Many years ago the monks in the monastery where Martin Luther lived would go to the confessional day-after-day to confess their sins to the Father confessor. While the other monks would confess their sins by rote, Martin Luther was plagued with his own sin. When Luther's turn would come around he would go into the confessional, not for a half an hour or for an hour, but for two, three, or even four hours at a time. He would sit and confess every sin he had entertained during the last twenty-four hours. Finally, one of the Father confessors said, "Brother Martin, stop this preoccupation with peccadilloes. If you are going to confess something make it a real sin." He went on, "What is this, do you not like your work in the monastery?" Finally, the Father confessor got the impression that whatever Martin Luther was, he was sincere. Martin would tell how he would leave the confessional at the end of his confession and feel clean before God because of his confession. That would last until he had taken a few steps toward his daily activities and remember some sin he had left unconfessed, once again he would feel filthy before a holy and righteous God.
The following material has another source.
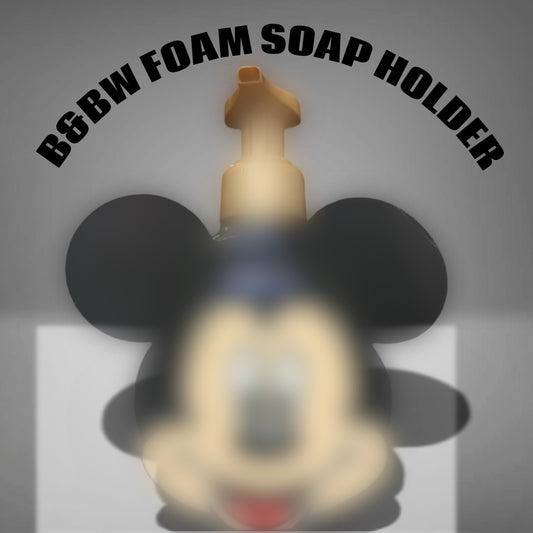 Cute BBW soap holder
We may think that Martin Luther was obsessing, but what you need to know is that before Martin ever began studying theology, he was a student of Law. He took that sharp mind that was well read in human law and he applied it to the Law of God. Martin would study the Law of God, the demands of perfection, and examine himself in light of the character of God, the holiness of God, and God's righteousness. With all of that in clear view, Martin would hate what he saw in himself. He began to even hate the righteousness of God because his guilt was manifest before his eyes in all its ugliness.

Then one night he was preparing for a lecture. He was reading the book of Romans and he read these words, "For the righteousness of God is revealed by faith, and the just will live by faith." Suddenly, Martin's eyes were opened. God revealed to him that God provides righteousness - graciously and freely - to those, all of those, who will put their trust in Jesus. Martin said he finally discovered,

Anyone who puts their trust in Christ receives the covering and the cloak of the righteousness of Christ. It broke into my mind, and I realized for the first time that my justification, my station before God is established not on the basis of my own naked righteousness which will always fall short of the demand of God, but it rests solely and completely on the righteousness of Jesus Christ which I must hold onto by trusting faith. When I understood that for the first time in my life I understood the Gospel. I looked and beheld the doors of Paradise swung open and I walked through.

Martin had been introduced to the grace, the magnificent grace of God, that accomplished for him what he could never accomplish for himself. Isn't God's grace amazing? Won't you invite Jesus into your heart as Lord and King this very morning?